Основной загадкой магнита вплоть до XVII в. была его уникальная способность притягивать железо, что практически всегда экстраполировалось на социальные властные отношения, которые часто представлялись в виде гендерной иерархии или витального дискурса. В философии и поэзии от Античности до раннего Нового времени видимые свойства магнита служили в основном дополнительным аргументом или иллюстрацией по принципу подобия для интерпретации связей или отношений. Так, например, у Платона в диалоге «Ион, или Об Илиаде» Сократ уподобляет божественной силе магнита распространение власти вдохновения от Музы к Иону, а от Иона к слушателям[971]
.Свойства магнита и магнетизма впервые были описаны и теоретически осмыслены в результате экспериментального исследования в труде Уильяма Гилберта «О магните», где он справедливо заметил: «Почти вся эта физиология является новой и неведомой: до сих пор лишь очень немногие авторы сообщили скудные сведения об общеизвестных магнитных силах.

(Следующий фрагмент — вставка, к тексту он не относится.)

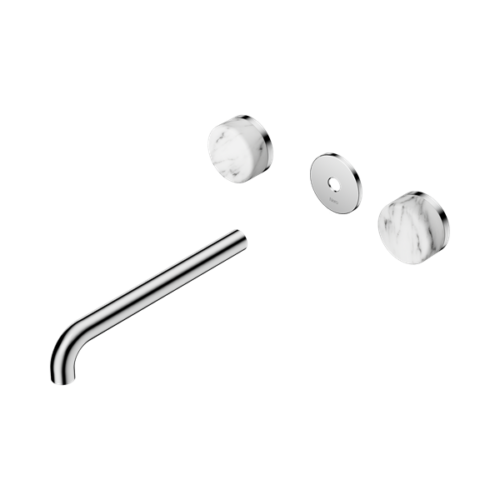 24D089CH-Serenity-Wall-Basin-Set-220mm-Spout-With-Arabescato-Corchia-Handle-Trim-Kit-Only-Chrome-Thumb.png Nero Serenity Wall Basin Set 220mm Spout With Arabescato Corchia Handle Trim Kit Only Chrome - 24D089CH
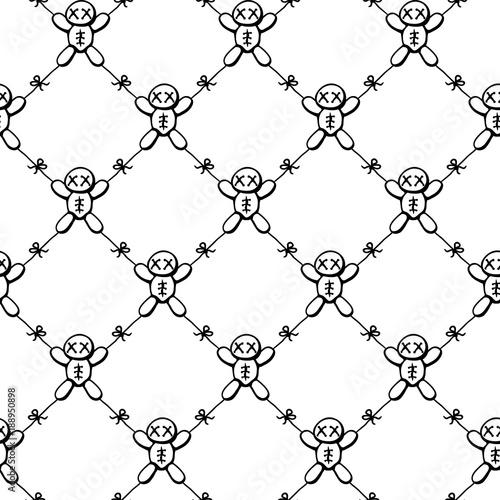 Voodoo Doll Tied Texture Pattern
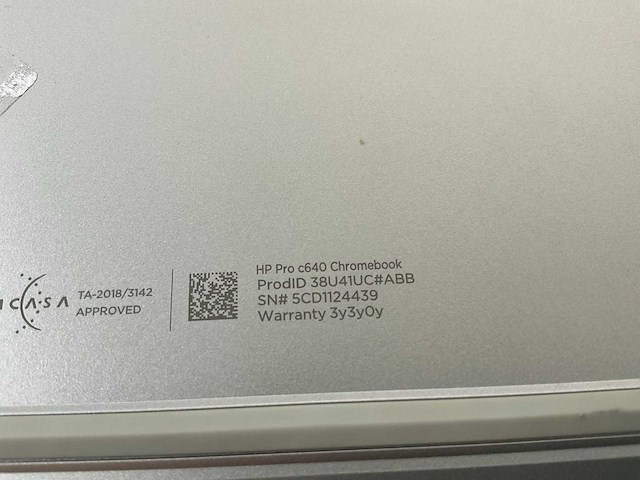 Hp pro c640 13.5”, core(tm) i5 10th gen, 8 gb ram, 64 gb ssd chromebooks (3x) - afbeelding 9 van  13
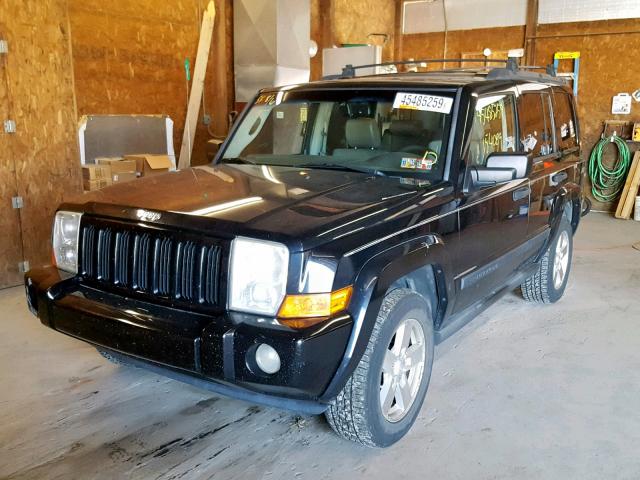 1J8HG48K26C268706 - 2006 JEEP COMMANDER BLACK photo 2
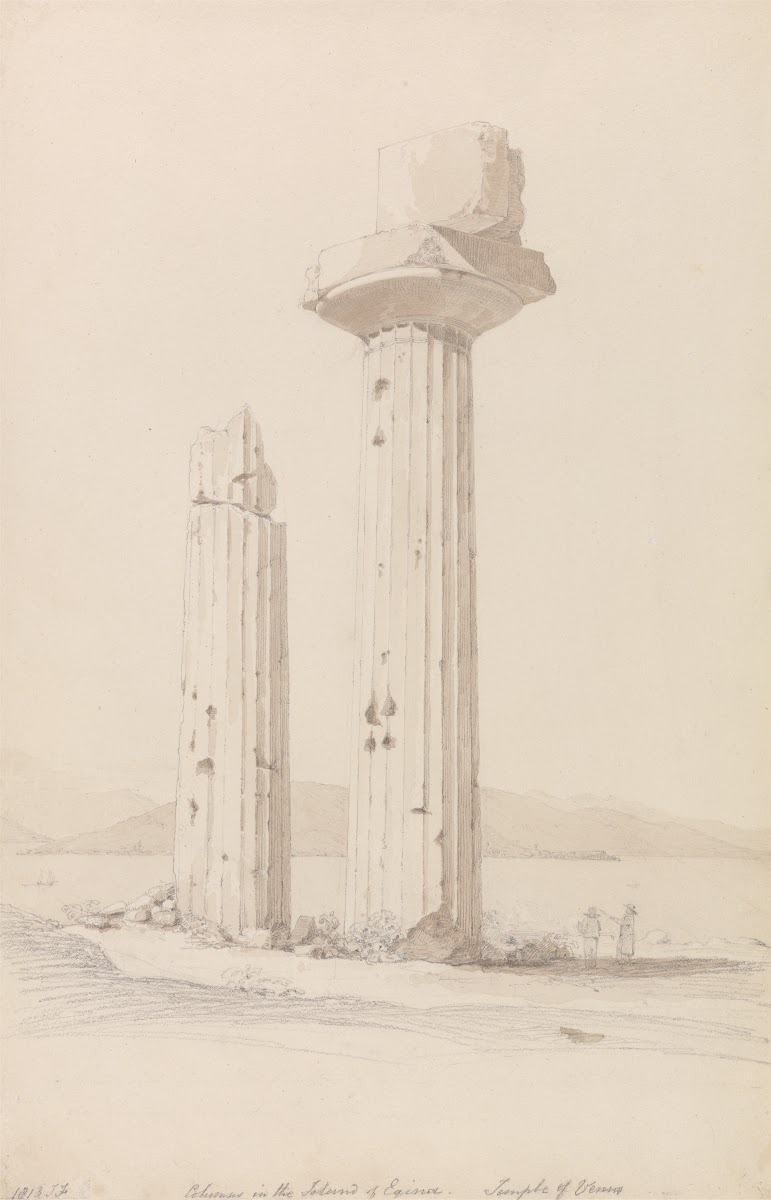 Columns in the Island of Aegina Temple of Venus 1813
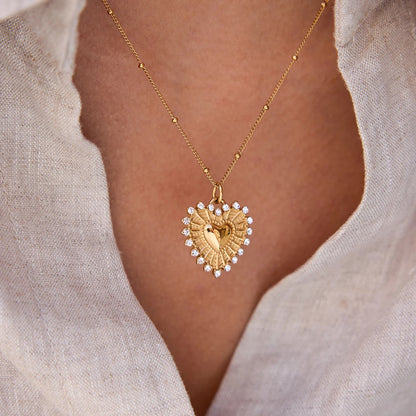 Como Heart Chain Necklace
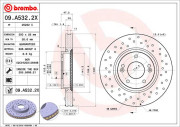 09.A532.2X Brzdový kotouč BEARING DISC LINE BREMBO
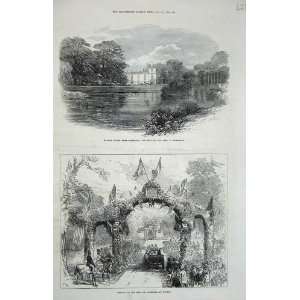   1871 Earl Pembroke Wilton House Salisbury Lake Gardens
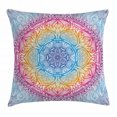 thumbnail image 1 of India Throw Pillow Cushion Cover, Magical Fantastic Design in Vivid Colors Boho Round Figure Blooms Lotus Inspiration, Decorative Square Accent Pillow Case, 18 X 18 Inches, Multicolor, by Ambesonne, 1 of 2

Поэтому мы очень редко обращались за помощью к древним писателям и к грекам…»[972]
. Несмотря на то что практическое освоение магнита становится доминирующим с началом эпохи Великих географических открытий, У. Гилберт часто критикует и опровергает мнения современных натурфилософов из-за неточности наблюдений и отсутствия экспериментальных подтверждений. Основные интерпретации качеств магнита возникли еще в Античности, они реактуализировались в европейской культуре в той или иной форме вплоть до У. Гилберта, и он был вынужден полемизировать с ними в силу их постоянной воспроизводимости.Посредством опытов У. Гилберт опроверг многие мнения древних и современных ему философов, начиная с Платона, который полагал, что магнитного притяжения не существует, а движение к магниту железных тел заполняет пустоту[973]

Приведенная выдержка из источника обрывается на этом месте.